This is all the project configuration files are used for. If you inspect the variables above, you will see they are just strings. As a reminder, the tools.yml is where you store the filepaths to third party software in your computer. Please see Kaiaulu's README.md for details. As a rule of thumb, any R Notebooks in Kaiaulu load the project configuration file at the start, much like you would normally initialize variables at the start of your source code.

Extracting Class Names for Token Matching

To use srcml, we leverage the git path to specify the folder which srcml should execute. The srcml library will then generate a single file, saved on srcml_filepath that contains all the information of the project.
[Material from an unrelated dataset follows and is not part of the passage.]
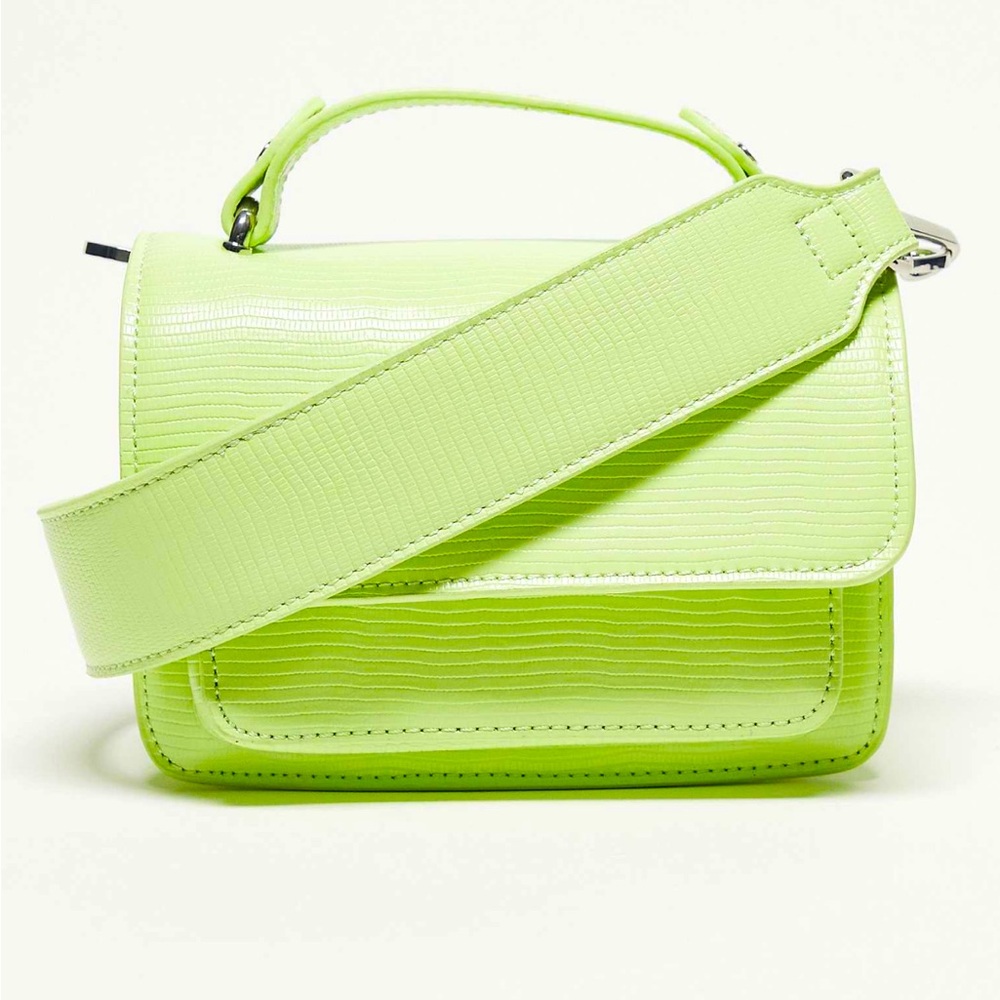 Hvisk Renei mini cross body faux leather bag in lime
srcml_filepath <- annotate_src_text(srcml_path = srcml_path,
                                     src_folder = folder_path,
                                     srcml_filepath)

We can then use srcml to query against this generated XML file. For example, we can query the class names. There is much more that can be parsed. Indeed, you can even use srcml to modify the source code, and output runnable code out of it. The following is a convenience function that will also tabulate the output as a R table:

query_table <- query_src_text_class_names(srcml_path = srcml_path,
                                     srcml_filepath = srcml_filepath)
head(query_table)  %>%
  gt(auto_align = FALSE)

Using Spiral's Ronin to Split Identfiers

We can see that both the file name and class name were output here. To perform keyword matching, we must now split the class name identifiers into tokens. This is where the Spiral Python library comes in. First, we load the Ronin method in R, via the reticulate library:

reticulate::use_python("/usr/local/bin/python3")
spiral_library <-reticulate::import("spiral.ronin", convert = TRUE)
collections_library <-reticulate::import("collections", convert = TRUE) 
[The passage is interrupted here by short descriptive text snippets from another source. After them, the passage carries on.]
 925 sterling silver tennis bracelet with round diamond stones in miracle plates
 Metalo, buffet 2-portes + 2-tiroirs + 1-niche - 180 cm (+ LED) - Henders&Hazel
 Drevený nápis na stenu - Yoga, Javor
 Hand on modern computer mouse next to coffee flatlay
# May be required for newer Python versions. Comment if causes errors.
collections_library$Iterable <- collections_library$abc$Iterable

Then, we use Spiral's split method over each classname in our prior table. To maintain the table format, we combine the tokens with ";" in each row, but they can be split again for token matching.

split_token_list <- sapply(query_table$classname,spiral_library$split)
query_table$tokens <-  sapply(split_token_list,stringi::stri_c,collapse=";")
head(query_table)  %>%
  gt(auto_align = FALSE)

File Filtering

Since we have a table, we can actually use Kaiaulu filter functions to do some pre-processing.

Note the depends project configuration file accounted for that pattern to be removed:

substring_filepath

Should we wish to remove such filepaths, we can do so as follows:

nrow(query_table)

query_table <- query_table  %>%
    filter_by_file_extension(file_extensions,"filepath")  %>%
  filter_by_filepath_substring(substring_filepath,"filepath")
nrow(query_table)

Finally, we lower case all class name tokens for topic matching:

query_table$tokens <- tolower(query_table$tokens)

Topic Matching

What is left is to use each class' tokens column and the list of topics provided in the project configuration file for comparison.

topics

First, let's split the tokens again. Here's a sample for clarity:

split_tokens <- stringi::stri_split_regex(query_table$tokens,pattern = ";")
split_tokens[1:2]

Each topic's tokens will be compared against a class' tokens. If there is a match between any topic and class token, we consider the topic to be true.

is_a_topic_match <- function(split_token,topic){
  is_match <- any(topic %in% split_token)  
  return(is_match)
}

for(i in 1:length(topics)){
  topic_column_name <- paste0("topic_",as.character(i))
  query_table[[topic_column_name]] <-
    sapply(split_tokens,is_a_topic_match,topics[[topic_column_name]])  
}

And finally, a sample of the final table:

head(query_table)   %>%
  gt(auto_align = FALSE)

The full list of identified matched classes is given in the following code block, where we check if any class has any topic as TRUE:

any_topic_true <- apply(query_table[, 4:length(topics), with=FALSE],1,sum)
any_topic_true <- ifelse(any_topic_true == 0,FALSE,TRUE)
query_table[any_topic_true]   %>%
  gt(auto_align = FALSE)